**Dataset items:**
_ _ _ _ _ _ _

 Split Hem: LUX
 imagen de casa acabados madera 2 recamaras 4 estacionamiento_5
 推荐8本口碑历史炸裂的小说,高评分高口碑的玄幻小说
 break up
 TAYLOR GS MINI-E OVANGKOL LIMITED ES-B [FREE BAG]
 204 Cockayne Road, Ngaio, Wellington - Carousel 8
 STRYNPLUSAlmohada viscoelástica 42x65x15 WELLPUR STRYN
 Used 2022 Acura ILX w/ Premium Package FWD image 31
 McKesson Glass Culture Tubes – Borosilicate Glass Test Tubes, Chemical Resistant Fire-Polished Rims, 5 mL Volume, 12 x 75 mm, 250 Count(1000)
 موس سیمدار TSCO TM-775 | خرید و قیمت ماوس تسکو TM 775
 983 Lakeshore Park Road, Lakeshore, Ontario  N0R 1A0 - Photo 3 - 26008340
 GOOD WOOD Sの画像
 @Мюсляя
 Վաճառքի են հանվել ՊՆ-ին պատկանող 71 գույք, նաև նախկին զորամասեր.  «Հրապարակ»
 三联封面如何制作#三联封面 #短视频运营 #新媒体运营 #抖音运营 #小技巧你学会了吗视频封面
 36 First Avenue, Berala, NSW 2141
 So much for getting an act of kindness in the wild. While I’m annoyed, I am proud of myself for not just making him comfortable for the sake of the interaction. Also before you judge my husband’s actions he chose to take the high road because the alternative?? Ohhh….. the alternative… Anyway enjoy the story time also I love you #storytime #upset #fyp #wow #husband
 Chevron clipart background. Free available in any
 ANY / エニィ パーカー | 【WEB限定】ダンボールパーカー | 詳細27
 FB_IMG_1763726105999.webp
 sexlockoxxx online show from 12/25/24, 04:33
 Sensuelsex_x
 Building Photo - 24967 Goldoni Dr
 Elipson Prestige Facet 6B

_ _ _ _ _ _ _

**The task:**
Out of the records above, pick each line that contains the string "Photo".

**Expected output:**
 983 Lakeshore Park Road, Lakeshore, Ontario  N0R 1A0 - Photo 3 - 26008340
 Building Photo - 24967 Goldoni Dr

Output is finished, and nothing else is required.